Edited on Thu May-24-07 11:46 PM by Seabiscuit
If you recall the 1968 election, "we", the young Democrats, backed first one, and then another anti-war candidate, and if the second one, Bobby Kennedy, had lived, he would have won the election in a landslide. Because Bobby entered the race after McCarthy won New Hampshire, and because those of us who had worked for McCarthy jumped on Bobby's bandwagon (as an Edwards supporter today, I'd jump on Al Gore's bandwagon if he threw his hat in the ring the way RFK did in 1968), McCarthy's campaign was too weakened to overcome the centrist/right-wing tide within the Democratic party at the Chicago convention which took place shortly after RFK was murdered, events which scrambled the brains of us young anti-war Democrats, temporarily leaving us in enough dissaray to allow Humphrey to win the nomination).

Instead, the DNC saddled us with a pro-war candidate in Hubert Humphrey, and ironically, Humphrey was up against the "anti-war" Republican of the day, Richard Nixon, who claimed to have a "secret plan to end the war". So Nixon, although it was nothing more than his usual mealy-mouthed deception, came across as the anti-war guy while the Dem candidate was the pro-war guy during the election. Nixon's "secret plan" turned out to be nothing more than his sham "Vietnamization" game, while continuing to escalate the war including the bombing of Hanoi and Cambodia.

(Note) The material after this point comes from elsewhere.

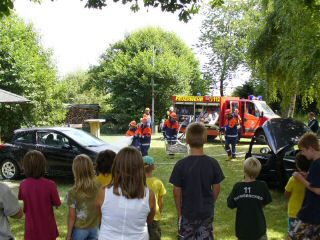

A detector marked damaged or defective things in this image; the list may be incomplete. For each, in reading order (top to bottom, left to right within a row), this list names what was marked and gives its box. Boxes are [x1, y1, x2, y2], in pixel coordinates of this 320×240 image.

damaged car hood [262, 117, 308, 154]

In other words, we lost the 1968 election because the Democratic party did not have a strong anti-war candidate after RFK was killed, and as a result the cynical, dishonest Republican, Nixon, stole our anti-war thunder. I don't think there's a political historian in this country who would not agree that had RFK lived, he would have wiped the floor with Nixon and would have ended the Vietnam war in 1969.

So I think your premise is backwards, if you want to use 1968 as an historical model. It was actually the anti-war candidate, Nixon (even though we know his stance was a fraud), who won the election.

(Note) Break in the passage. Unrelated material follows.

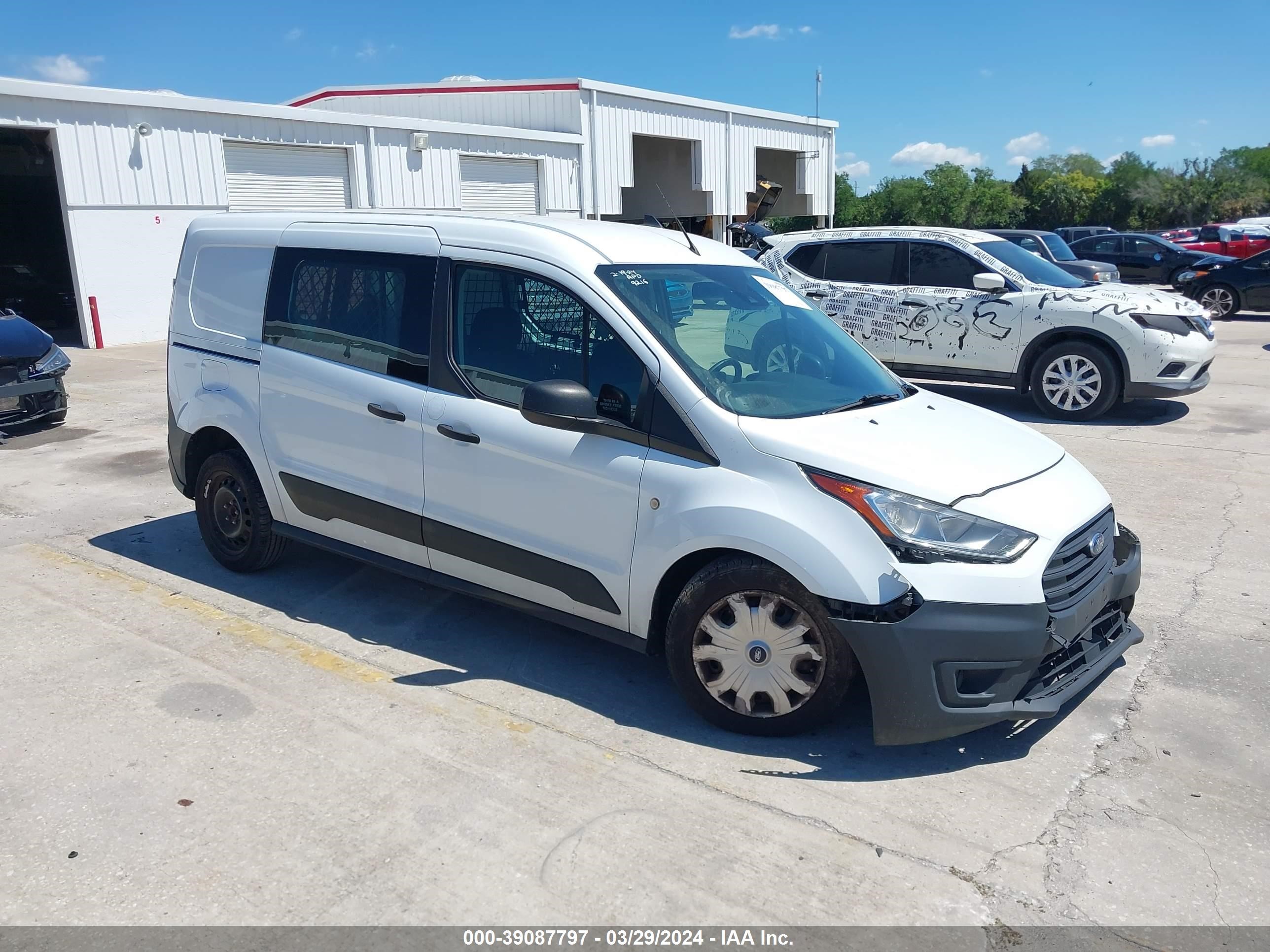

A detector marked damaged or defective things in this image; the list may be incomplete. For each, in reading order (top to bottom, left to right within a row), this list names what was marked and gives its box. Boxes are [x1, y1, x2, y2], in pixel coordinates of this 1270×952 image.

damaged front bumper [0, 374, 68, 426]
damaged front bumper [828, 528, 1144, 745]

What did in McGovern 4 year later was not his anti-war stance. It was a combination of 3 things: (1) Columnist Jack Anderson exposed McGovern's running mate, Senator Tom Eagleton, as having voluntarily checked himself into a mental hospital for a month or so for "depression" ten years prior; (2) Then the right-wing voices in the press of the day hounded McGovern to drop Eagleton like a hot potatoe, and while McGovern continued to support Eagleton for over a month before finally replacing him on the ticket, the same press went after McGovern as "indecisive" and "weak", the "flip-flopper" words of the day; (3) While successfully doing everything possible to conceal the Watergate scandal before the election, Nixon stole all the headlines leading up to the election with his surprise visit to China, where he toasted Mao Tse Tung, and "opened the door to China", doing photo-ops walking along the Great Wall, and telling Mao "the enemy of my enemy is my friend", a thinly-veiled reference to the Soviet Union (where he probably also said the same thing in private to Brezhnev about Mao). He returned home to thunderous applause from the media, who ran article after article and broadcast programs after programs about what a great "statesman" Nixon was. Meanwhile, McGovern was the lone voice talking about Watergate, and he got little to no press (a small piece buried on page 10, etc.).

Anyway, that's about all I have to say - the subject matter kind of got me going... :)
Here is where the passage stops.